CSM Course + Workshop: Why?

My colleague Catherine Louis got me, reluctantly at the time, to do a workshop at the end of a Certified ScrumMaster course, and then a client wanted the workshop with the course. (I have done many courses with workshops since then.) Now I am ‘hooked.’ As I have said before, the feedback from participants is always that the workshop portion (one or two days) is essential, fun and it solidifies the learning.

So, now I am trying to get everyone who does not know to ‘see the light.’

This is actually not great for me personally. I make less money per day with the workshop. It means more days away from my family. I am too busy already, but still it is the right thing to do.

I have described elsewhere (here) what happens in the workshop. I won’t repeat that in this post.

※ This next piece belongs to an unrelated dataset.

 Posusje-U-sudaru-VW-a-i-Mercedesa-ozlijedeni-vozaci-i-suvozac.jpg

What I am adding below is an email from a client (he is a manager) to a potential client, describing why he always pays extra for the workshop. (Well, I not sure he *wants* to pay extra for the workshop, but he does, and, as you will read, he does want the workshop.)

_______________________________

Hi Alex,

We have been going through a large scale Agile transformation for the past 18 months and have had many of our teams attend CSM and CSPO trainings with Joe. I highly recommend him. His courses are highly educational, interactive and fun. I always receive great feedback from people who attend his courses.

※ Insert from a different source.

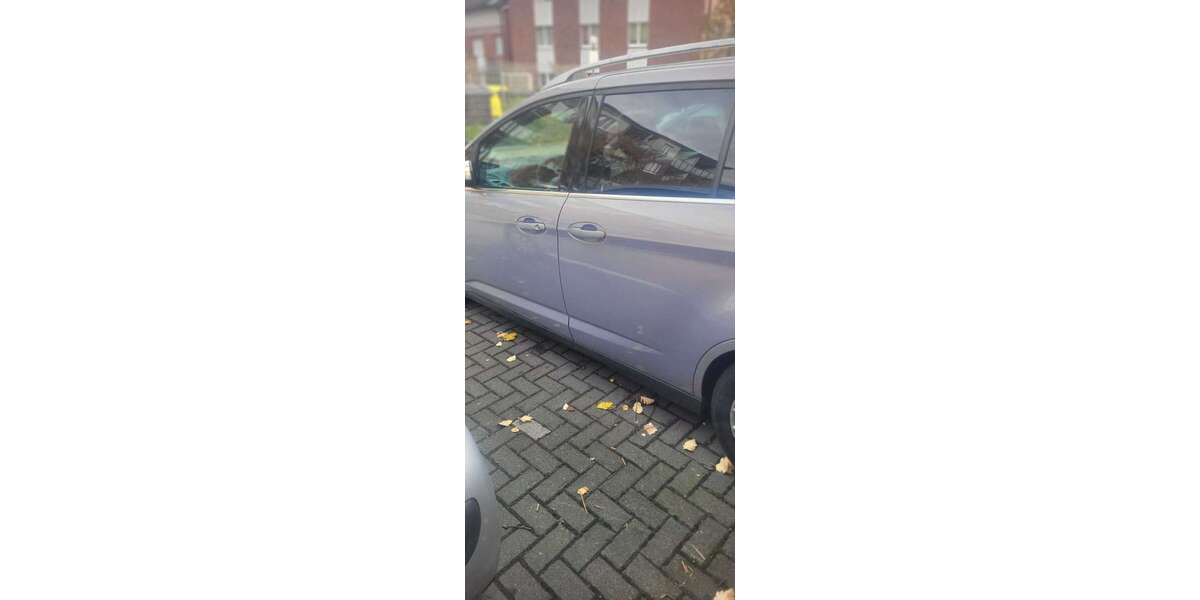 Ford C-Max 154.000 km 4.800 &euro; Düsseldorf 40472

My rationale for a four-day course over a two-day course is as follows;
[Ed. Note: ‘four-day course’ means two days of CSM/CSPO course + two days of workshop]

If you read about Scrum on Wikipedia, it seems simple enough, actually pretty obvious. And it is, but there is significantly more detail when you actually start working this way. Going to Agile/Scrum is a significant change in the development cultural, it is a transformation that doesn’t happen overnight — it will take weeks, months or even years depending on the size of your organization. Most of the people in my teams have been doing software development in Waterfall for 10 to 15 years, so this is a big change for them. More training is better than less in this context.

The four-day CSM/CSPO course is two days of theory followed by two days of ‘hands-on’ workshop for the teams. I think the workshop is the best part of the course; it brings the people together as teams and gets them going in the right direction. The bulk of the time is spent planning their first Sprint, but it happens in an environment where they are coached, can ask questions and get professional/experienced feedback and advice. Teams leave the workshop with a common vision and a shared understanding of the next set of things they will work on — really cool stuff.

Cheers,
Dave (at a large telecom company)
[Identifying details withheld; he has a ‘day’ job too, although he was kind enough to write this note. He probably would correspond with you if needed.]

____________________________

Another note: The two days of course are not pure theory (as the note above might imply to some), but as Dave says, they are comparatively ‘theory’ and the two workshops days are, comparatively, practice.

The first two days include some theory and they include some experiential exercises that are not real work to the participants. Some of the exercises in the course might have come from real work at another firm, but they are not ‘real work’ at the participants’ firm(s).

By contrast, the workshop uses live ammo, so to speak. As much as possible, participants are doing real work at their firm. At the very minimum, the work is real work to the Product Owner for each team/table.